The thing let up on him a little. “You people brought a man and a woman from out there. The man's name is Chernon. He's not really a man. He's a demon. He's a friend of ours, and we want to know where he is.”

“Up t'Papa's house,” Diligence howled. “He was up t'Papa's house with the woman. Cappy hit her with the shovel and she ain't been able to talk since then….”

“Ahh,” said the deep voice, who had already known that Stavia had been badly hurt. “There's an angel coming to get that woman. You shouldn't have hurt her. That's something you shouldn't have done!” Later on, remembering, Diligence had the strange idea that the voice had had pain in it, but at the moment he didn't think anything because something hit him behind the ear with a kind of lightning flash and he didn't know anything else.

“Cappy,” said one of the invisible creatures. “That would be one of the young ones up at their barracks. I'll take care of that one.”

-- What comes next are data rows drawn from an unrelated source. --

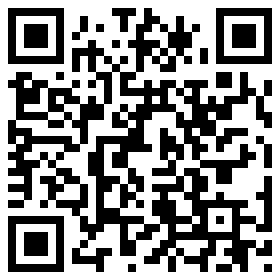 qrcode für ABB 1SAH102076R9900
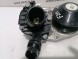 BMW OE 8514458 8478476 21/14522 BMW СЕРІЇ F G B47 НАСОС ВОДИ ОХОЛОДЖУЮЧОЇ РІДИНИ 8478476 8514458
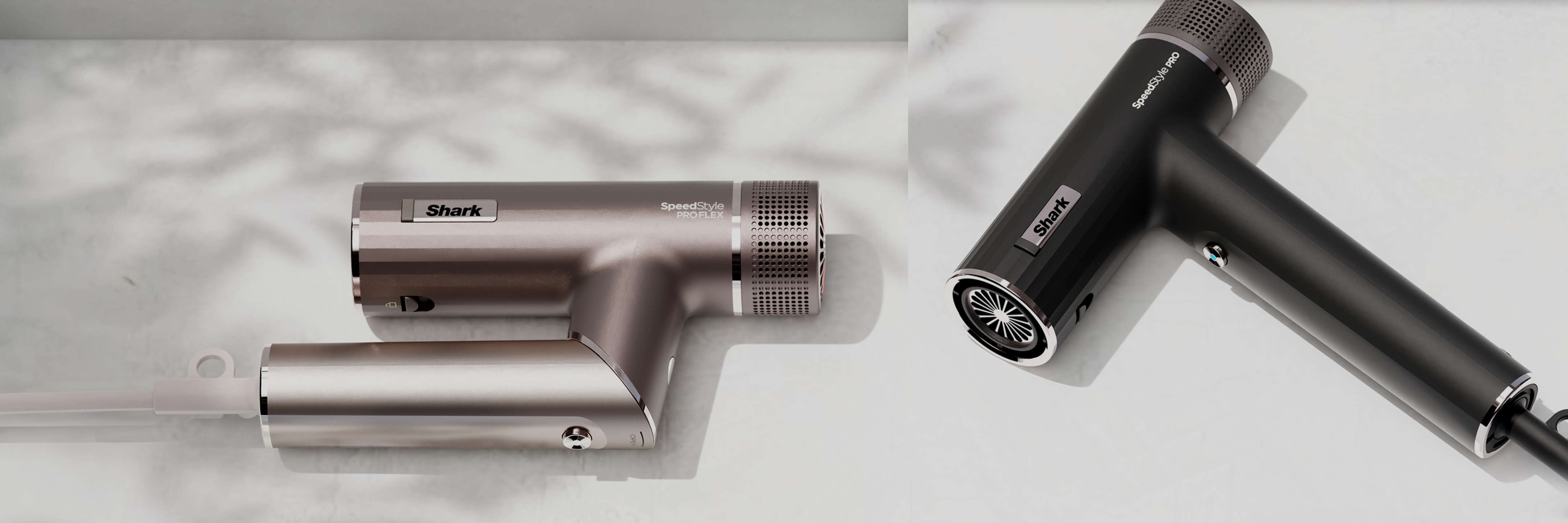 Image without a name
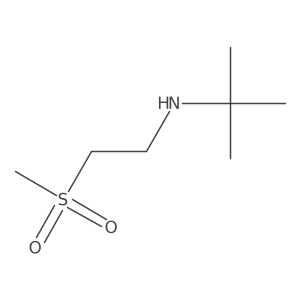 1183755-41-0 structure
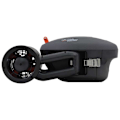 Miniatyrbillede 8 af 8: Nautica Seascooters J-class Vandscooter  40 m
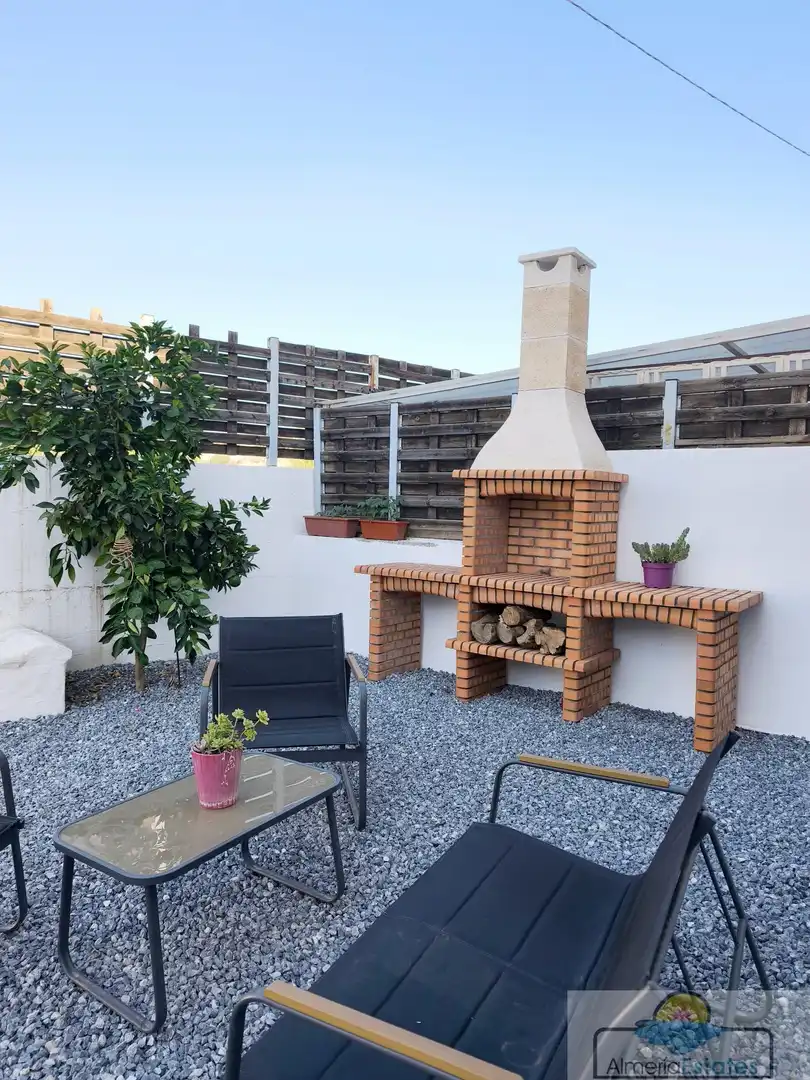 Maison mitoyenne à vendre à Albox, imagen 16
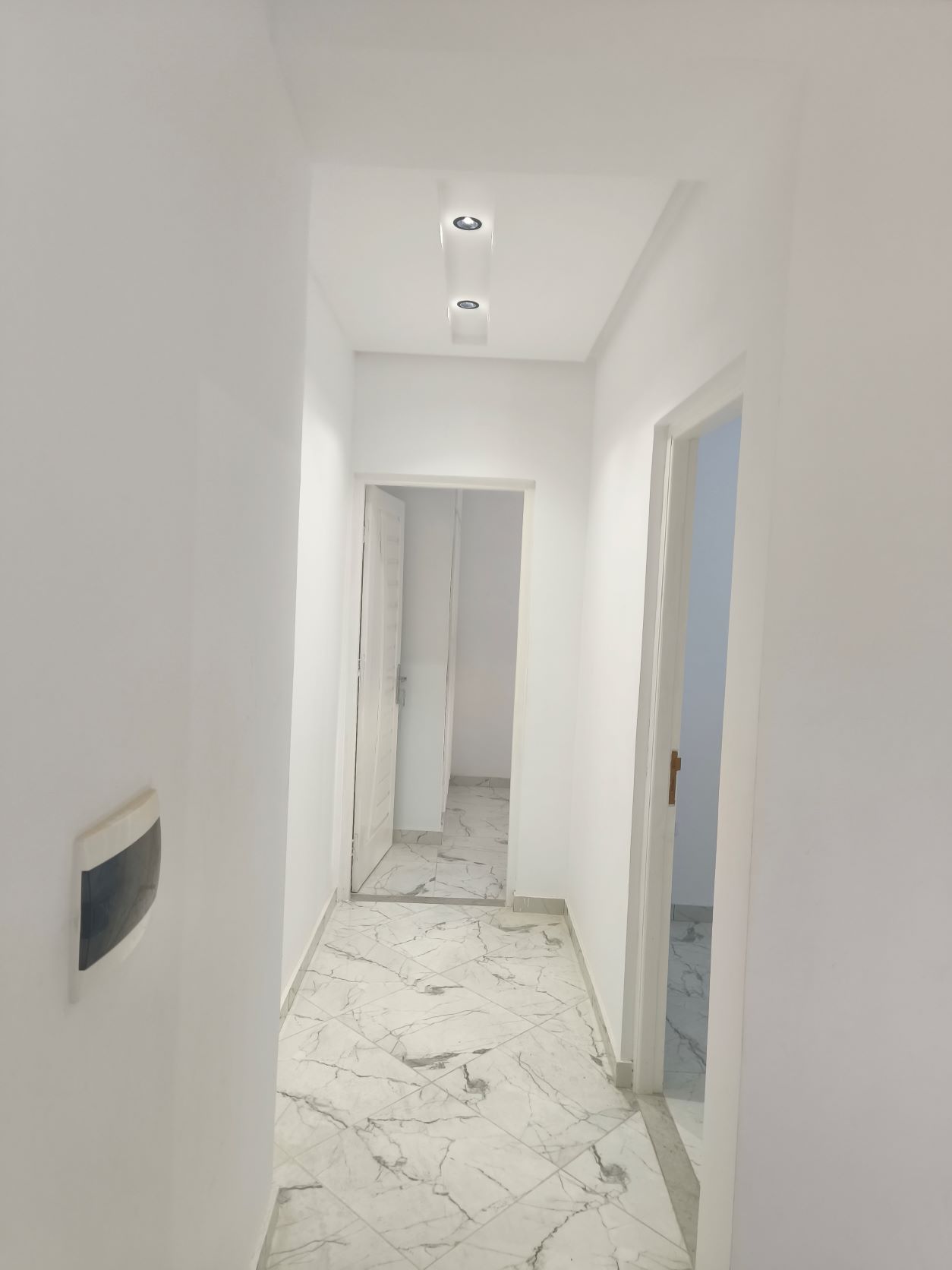 Location&nbsp;Appart. 2 pi�ces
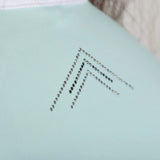 Coldstream Harthill Diamante Show Shirt #colour_glacier-boulevard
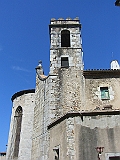 CIMG3686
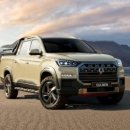 쌍용그린정비 이미지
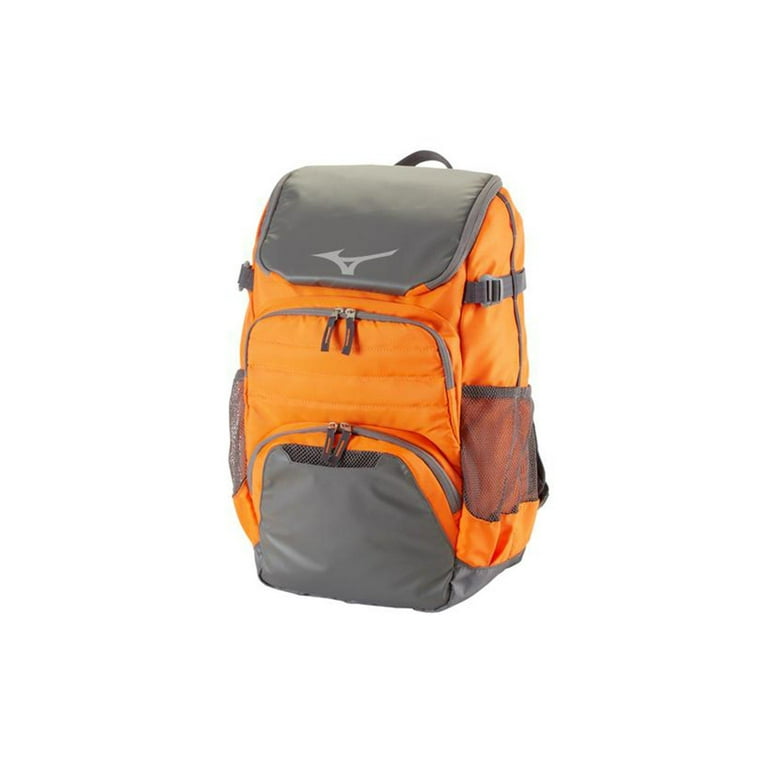 Mizuno Organizer OG5 Backpack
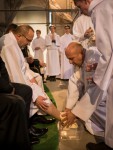  wielki_czwartek_2017_17.jpg 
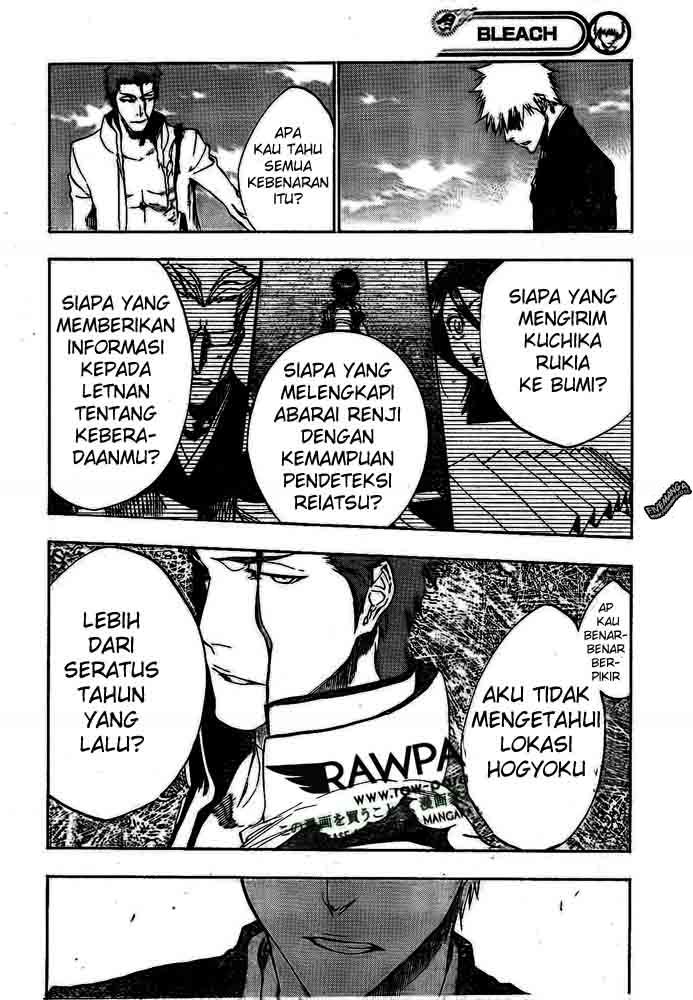 image-komik-bleach-chapter-397-13/19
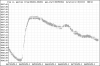 18534_LineMonitor_9846-9848.png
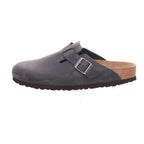 Birkenstock | 1032792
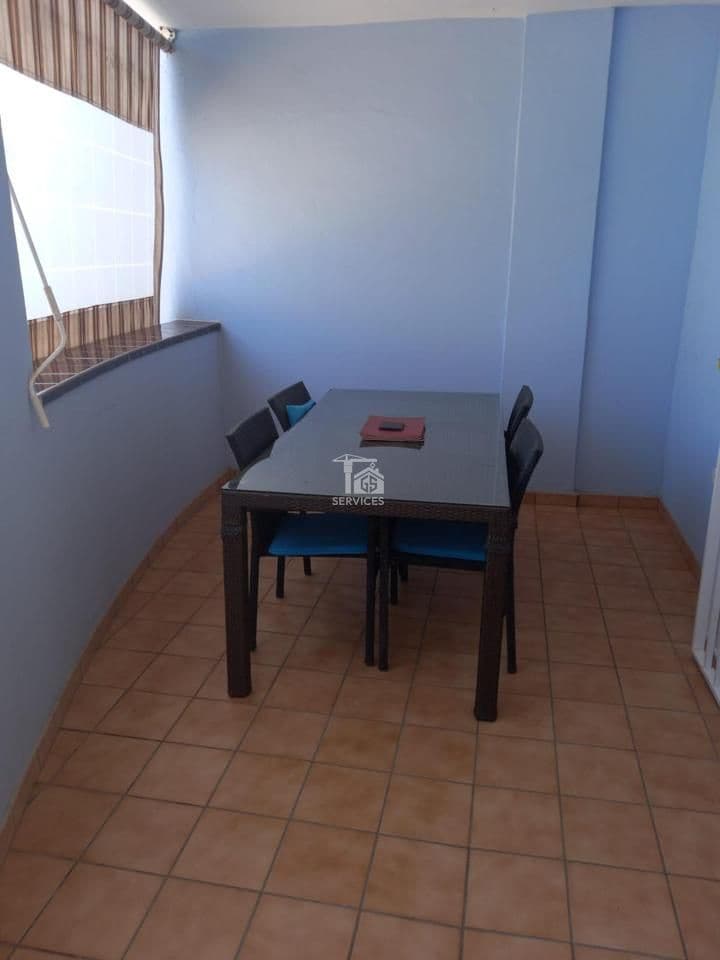 1 slaapkamer Flat te koop in Arona met zwembad - € 270.000 (Ref: 9751278)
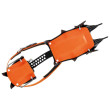 Crampons Petzl Sarken LLU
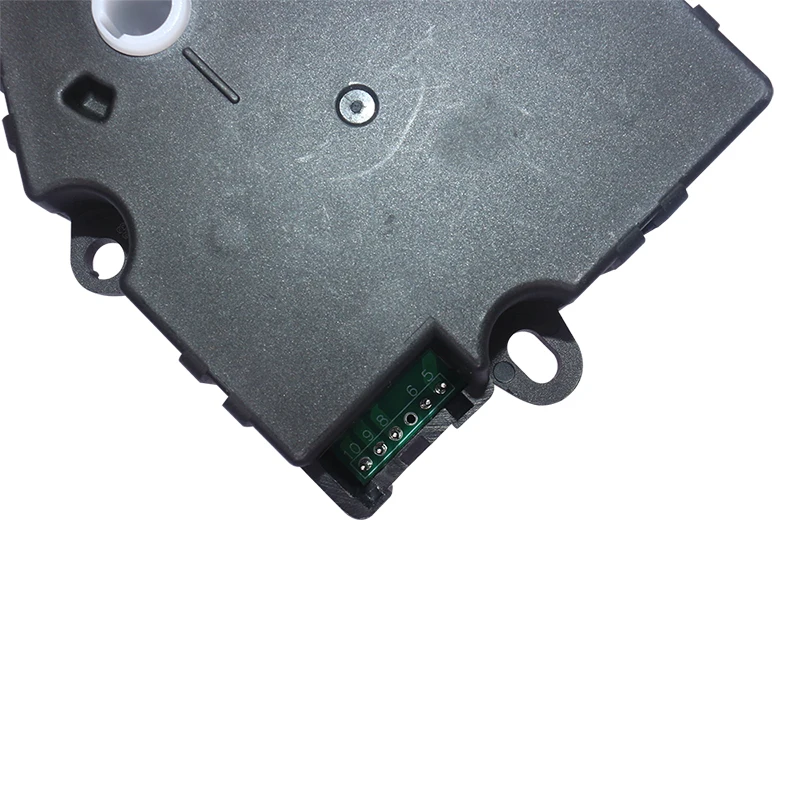   ͽ  ߿, ޸  ML320 ML350 ML430 ML500 ML55 AMG 1638200108, A1638200108 604-938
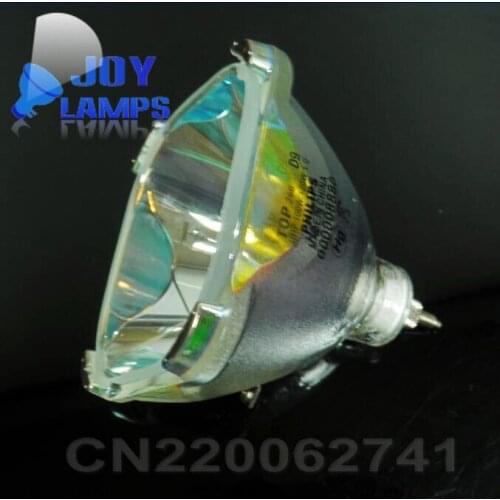 LCA3107 Replacement Projector Lamp/Bulb For Philips HOPPER SV10/XG10/SV20/XG20/LC4031/40,LC4041/40,LC4033/40,LC4043/40 ect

“We'll take the masks and go create a little more demonology,” the deep voice said. “Papa's house would be the one up the hill there?”

“Take you about an hour?”

“About that.”

“Who's got the feathers?”

“I have. I'll bring them.”

As luck would have it, Cappy Brome was leaving the bachelor house for the privy when the invisible thing caught him, threw him down with his face in the dirt, and then pounced on him.

“Cappy?” a voice whispered to him. “You're Cappy?”

Though almost paralyzed with fright, Cappy managed to nod. The thing that was sitting on him seemed satisfied with this. “That woman you hit with the shovel, that was a holy woman,” the voice said. “She's a healer.”

Cappy convulsed as he tried to throw off his attacker. “She 'uz a whore,” he cried. “Walkin' around with her hair hangin' and her body showin'. She 'uz no better'n a whore of Babylon. She 'uz tryin' to get away….”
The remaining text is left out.